(GIVEN INFORMATION):
---*---

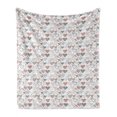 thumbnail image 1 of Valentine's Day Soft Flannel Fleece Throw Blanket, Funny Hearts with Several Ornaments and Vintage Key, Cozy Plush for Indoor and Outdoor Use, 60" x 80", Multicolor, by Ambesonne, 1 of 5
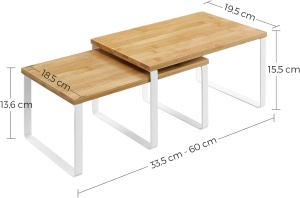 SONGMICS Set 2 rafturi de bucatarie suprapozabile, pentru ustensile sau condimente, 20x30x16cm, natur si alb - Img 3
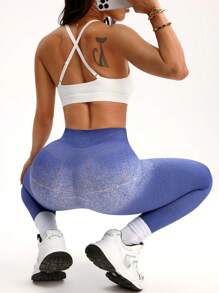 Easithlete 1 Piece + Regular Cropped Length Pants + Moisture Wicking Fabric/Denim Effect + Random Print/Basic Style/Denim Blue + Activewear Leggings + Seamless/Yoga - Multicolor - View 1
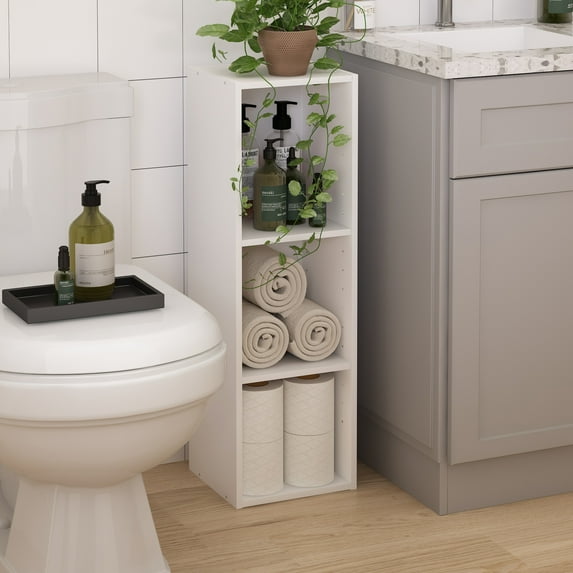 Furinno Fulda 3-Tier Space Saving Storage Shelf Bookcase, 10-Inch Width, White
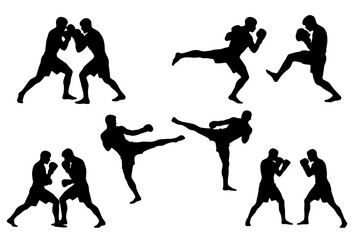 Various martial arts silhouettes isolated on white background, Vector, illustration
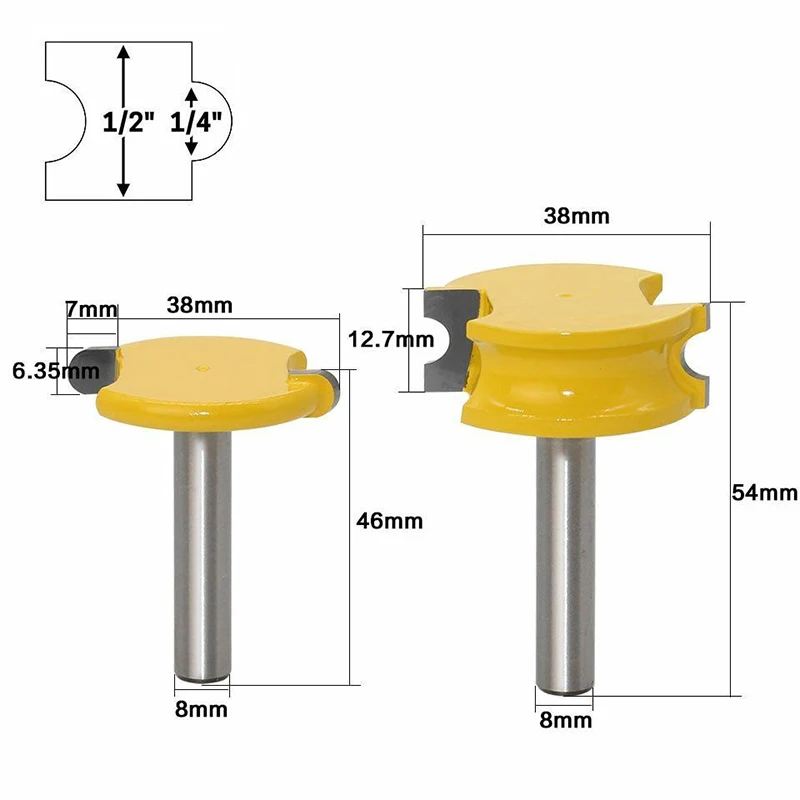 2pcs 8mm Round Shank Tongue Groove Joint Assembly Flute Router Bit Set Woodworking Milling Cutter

---*---

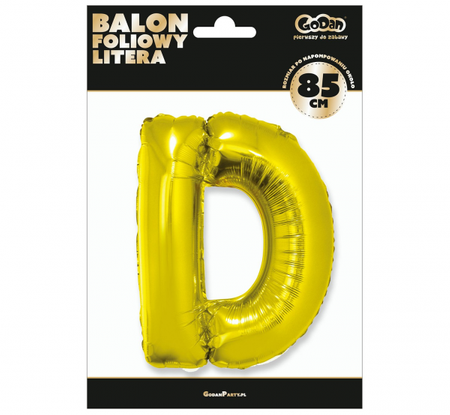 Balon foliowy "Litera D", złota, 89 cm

---*---

(AIM OF THE TASK): Among the entries above, take the line with "thumbnail image 1", the line with "SONGMICS Set 2", and all the lines between them, and restate them word for word without pictures.

(SOLUTION):
 thumbnail image 1 of Valentine's Day Soft Flannel Fleece Throw Blanket, Funny Hearts with Several Ornaments and Vintage Key, Cozy Plush for Indoor and Outdoor Use, 60" x 80", Multicolor, by Ambesonne, 1 of 5
 SONGMICS Set 2 rafturi de bucatarie suprapozabile, pentru ustensile sau condimente, 20x30x16cm, natur si alb - Img 3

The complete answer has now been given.